Machine Translation Evaluation and Deployment

Machine Translation

Check the links above for more information on these subjects.

Machine Translation has been adopted by technology companies. In 2005 there were few practitioners, and very few more doing pilot projects. Today, MT features in every localisation conference. There are EC funded research projects to push the boundaries of technology and translators are getting to grips with the challenges of post-editing machine translated material. On the web and in social networks, free (no-cost) MT facilities are available through a variety of companies eg Yahoo!'s Babelfish and Microsoft's Translator. Commercial offerings are also now available, e.g.KantanMT

Bringing MT into your company, as an efficiency for document content translation, or as an aid in customer care or as an internal gisting service is a strategic decision. We would like to help you in that decision and guide thaqt process.

Rules Based Machine Translation (RBMT) has been around for over 20 years. It relies on coding a set of rules which implement the grammatical constructs of a language. These grammatical constructs are then populated by sets of dictionaries. The systems can be tuned by setting priorites within dictionaries and options within the rule sets. Like any other enterprise system, the out of the box system requires optimisation to your company's characteristics. In translation terms this means style guides and terminology for the target languages.

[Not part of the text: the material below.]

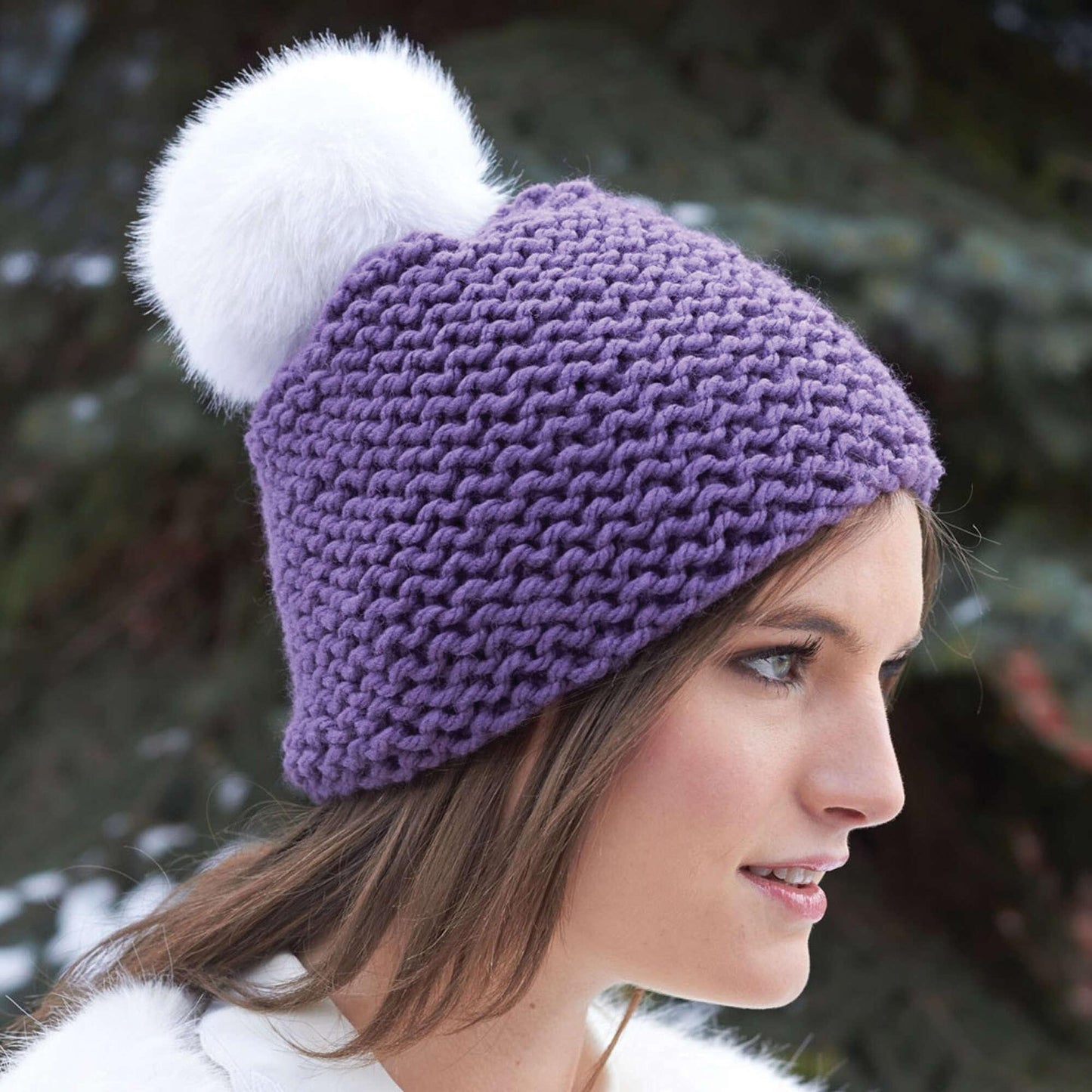 Bernat Knit Garter Stitch Pompom Hat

Statistical Machine Translation (SMT) relies on training a statistical engine with large amounts of paired language resources, source and target, eg English and French. The trained engine then is used to translate new source material. These technologies are the subject of multiple research efforts across Europe.

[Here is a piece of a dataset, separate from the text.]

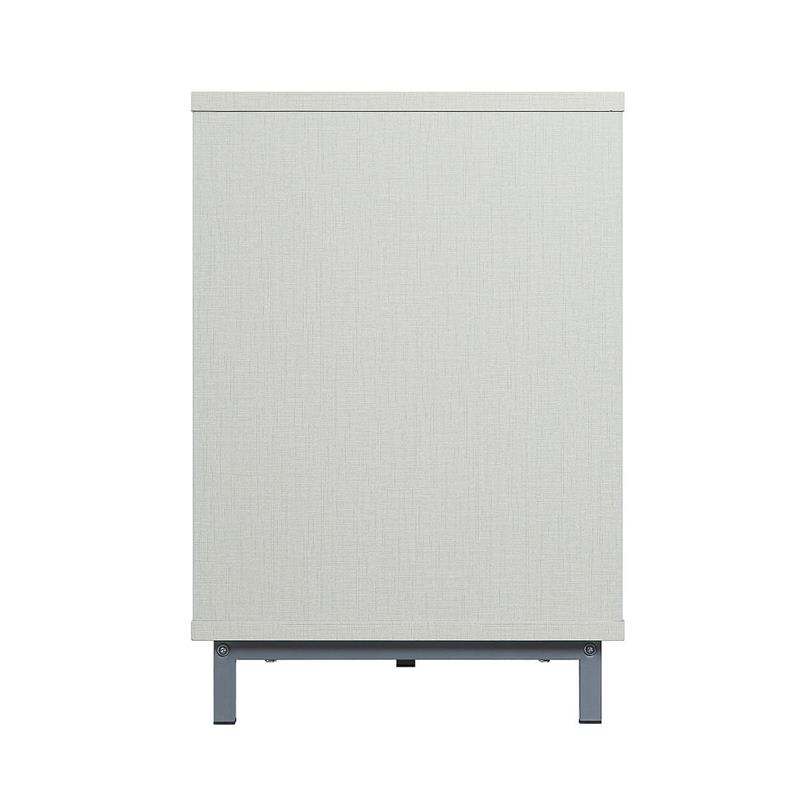 Manhattan Comfort Brighton Wood Fireplace with Media Wire Management in Beige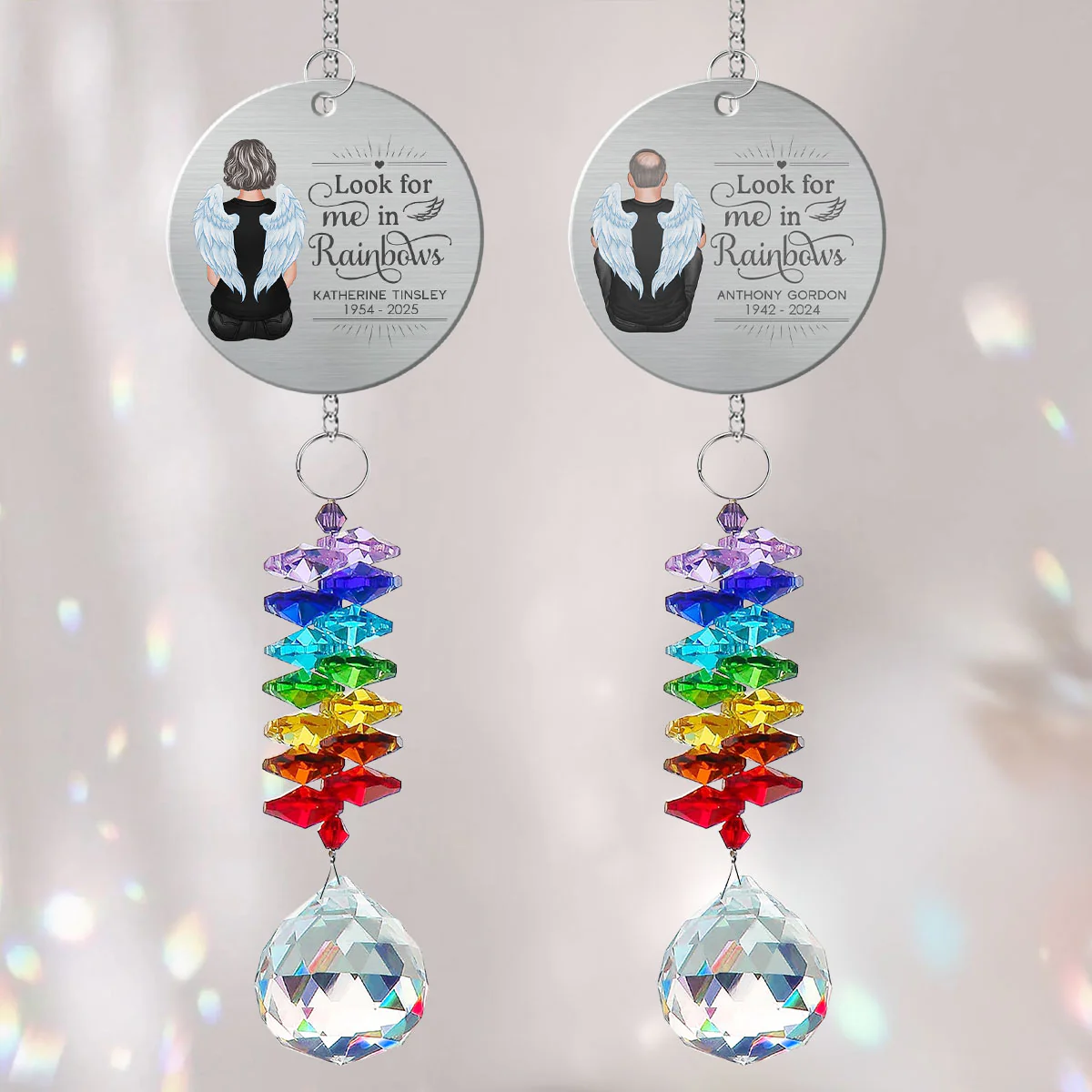 Family Memorial Look For Me In Rainbows Personalized Crystal Suncatcher With Aluminum Charm - Image 4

Hybrid Machine Translation is the result of binding RBMT and SMT together in order to leverage the advantages of both. RBMT provides levels of certaintly through being based on rules but is poor at capturing the idiomatic nature of language. Whereas SMT being based on already translated content is not constricted in this fashion but is limited by the variance in the tranining material and the effectiveness of the statistical engine. By combining the properties of both is hoped to furnish an better outcome.

Terminology is a key constituent of a company's writing style. User comprehension of products is transmitted through consistant terminology. Harvesting and consistency play a vital part in both RBMT and SMT technologies.